Ari Mendelson is one of those men in the arena. An attorney and homeschooling father, he is also a novelist, author of the Kingmaker trilogy (the titles of which are, in order: Consent, Due Process, and Just Power).
I posed a few questions to Ari about his books, their relevance to current events, and conservatives in the culture.
Mark Tapson: Tell us a bit about your background and what inspired you to turn to writing novels.
Ari Mendelson: I met the love of my life when I was in law school. When we got married, I was a lawyer, and she was a college student with dreams of becoming a doctor. When we had our first two kids, neither of us could bear the thought of having anybody raise them except one of us. So, when my wife did her residency, I took care of them.
During that time, I gave myself a second education. One thing I learned in those studies is that the secret of invention and creativity is recombination. As I began recombining the elements of what I’d taught myself, they began to crystallize in my imagination into stories.
One of those stories was of a great villain, the tech titan who is at the heart of Kingmaker, who has an algorithm that can persuade nearly anybody to do nearly anything. When that vision appeared to me, I just had to make it real. Once I figured out who my villain was, other characters appeared to me: the Hollywood starlet caught up in the villain’s web of artificial seduction, the honeypot spy from China with infinite sex appeal and cunning. Set against them were the heroes, independent journalists like James O’Keefe who discover the plot one step at a time.

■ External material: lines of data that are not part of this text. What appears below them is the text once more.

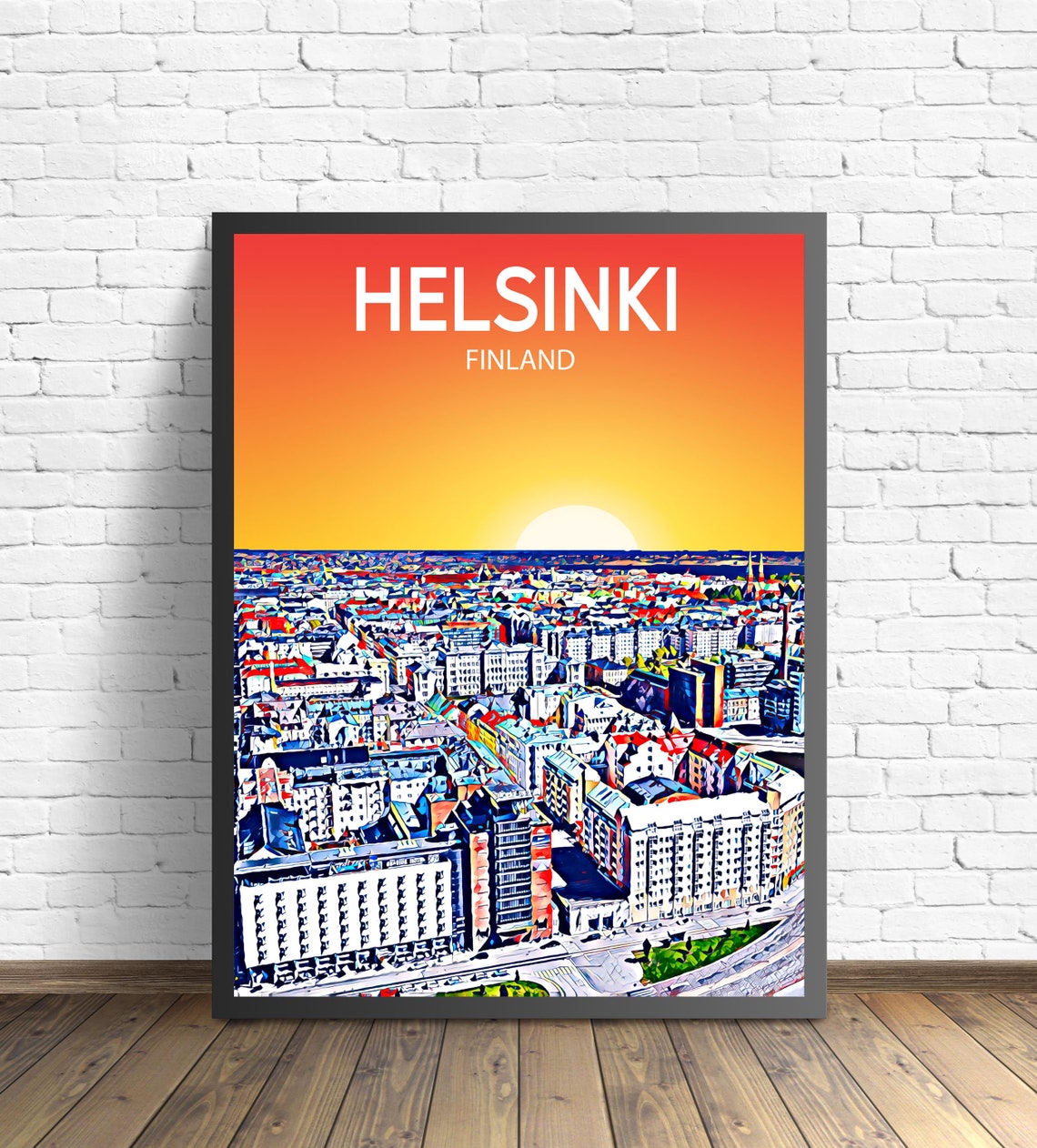 Helsinki Finland Sunset Skyline Vibrant Mosaic Cityscape Art Poster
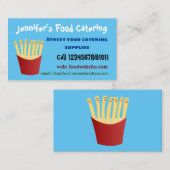 Carte De Visite Cute kawaii frites fast food dessin animé (Devant / Derrière)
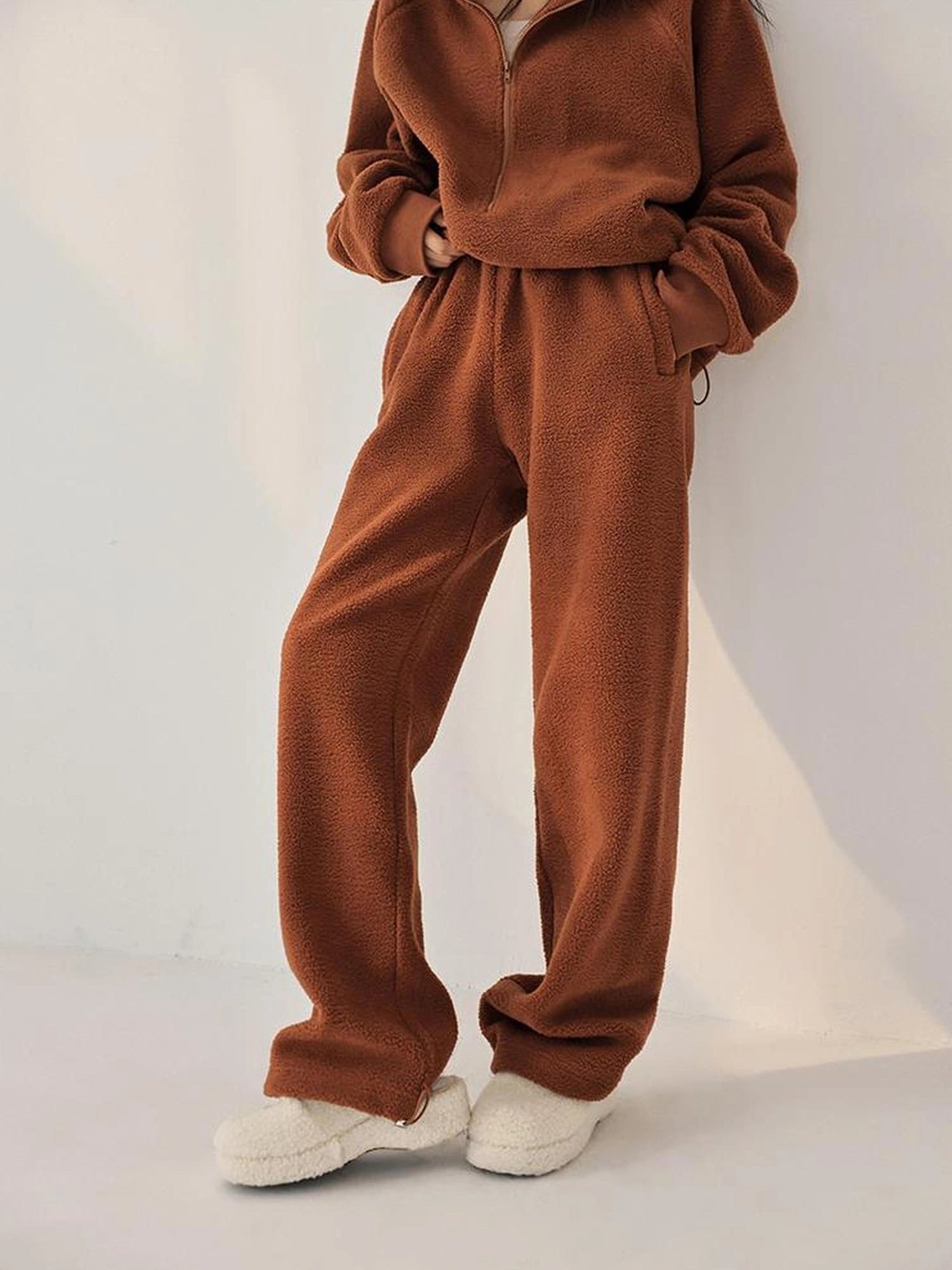 FU FRESH UP Thermal Fleece Zip Up Hoodie Set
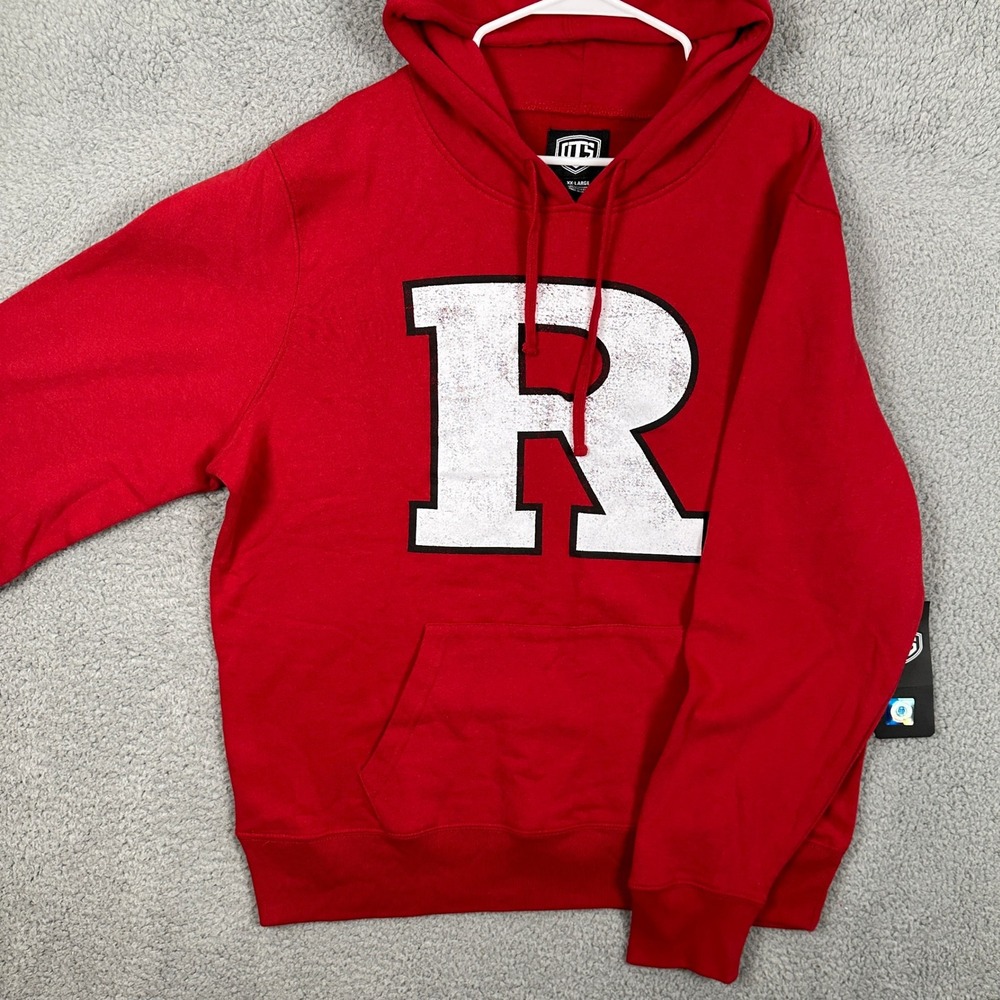 Rutgers Scarlet Knights Sweatshirt Hoodie Men 2XL Red Graphic Drawstring OTS NEW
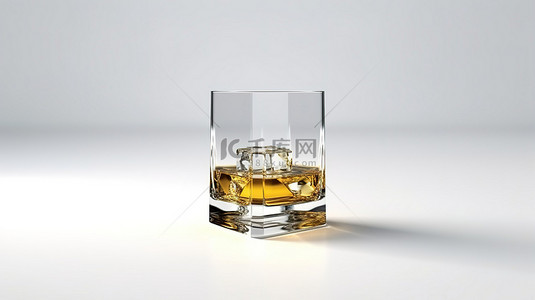 金酒杯背景图片_威士忌酒杯放置在原始的室内环境中 3D 渲染用于产品展览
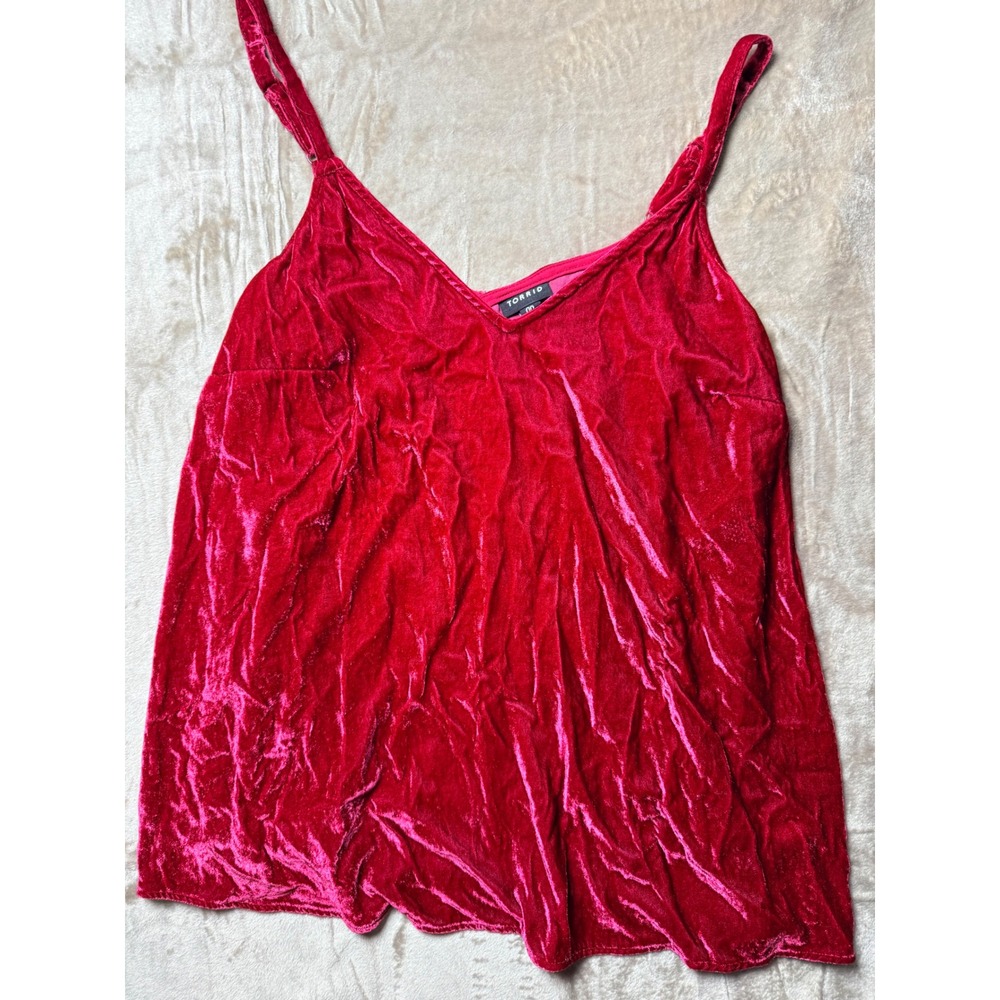 Torrid Womens  Crushed Velvet V-Neck Cami Tank‎ Top Babydoll Glam Festival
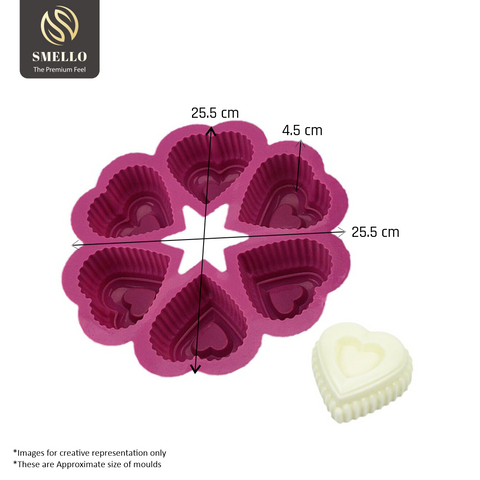 Smello's 6 Cavity Heart Silicon Moulds (BS 115)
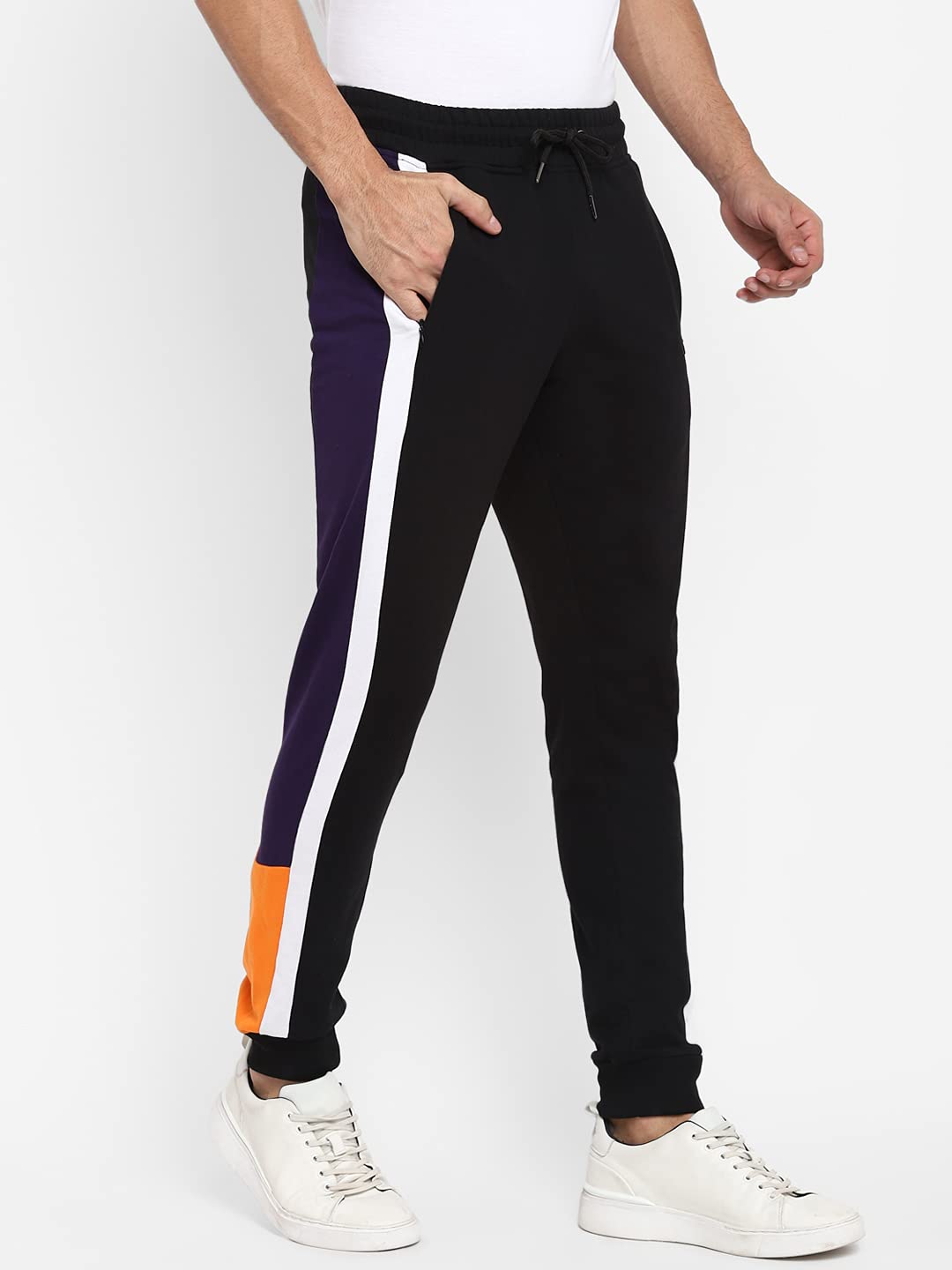 Alan Jones Clothing Men's Colour Blocked Solid Slim Joggers Track Pants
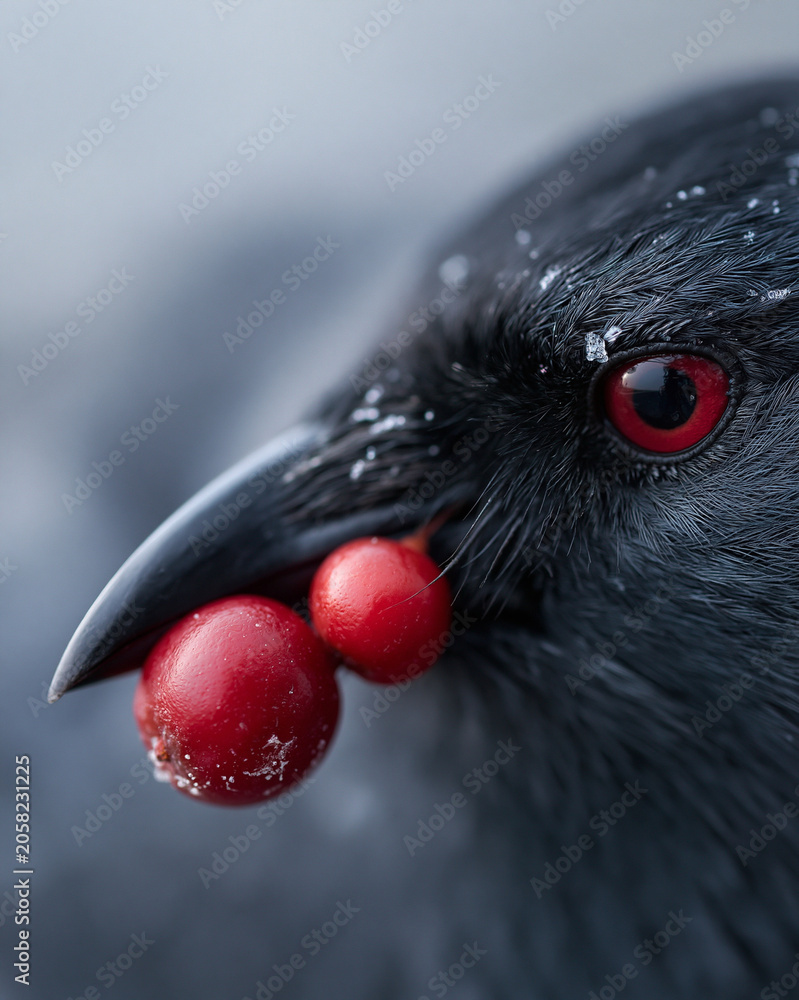 Obraz premium Black bird holds bright red berries in its beak. Snow dusts its feathers and eye. Sharp gaze suggests focus and survival. Ideal for winter wildlife or nature themes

Writing it turned out to be one of the biggest challenges I’ve ever faced, but it was wonderful that first I helped my wife make her dream come true. Now she’s helping me make mine a reality too.
MT: Tell us about your first book, Bias Incident. Why do you call it the world’s most politically incorrect novel?
AM: If I’m going to pick a fight, I’m going to find the biggest bully on the block. When I wrote Bias Incident, the LGBTQAI+ movement was picking up steam. The radicals in that movement had begun to take over, and many of them were truly vicious. I’m not talking about ordinary gay people; I’m talking about the activists. It was then that I began to notice “cancel culture.” That’s all I needed to know about where that movement was headed. James Lindsay’s subsequent exposure of the origins of Queer Theory has borne this out.
Bias Incident is still a fun little satire, and I’m enormously proud of it. It’s been 14 years since I’ve written it, and I’ve heard it called a work of prophecy.
MT: What’s the premise of your Kingmaker trilogy, and what are a few of the political and cultural themes that run through it?
AM: Remember what I said about going after the biggest bully on the block? In recent years, the merger of big government and big tech is that “biggest bully.” Kingmaker is based on two insights: 1) AI has advanced so much that a human grandmaster is powerless to win a single game of chess against a computer. 2) Like chess, persuasion is a rule-bound endeavor. What if AI could master the rules of persuasion? What if it got so good that human beings were powerless to resist its charms? What would limit its abilities?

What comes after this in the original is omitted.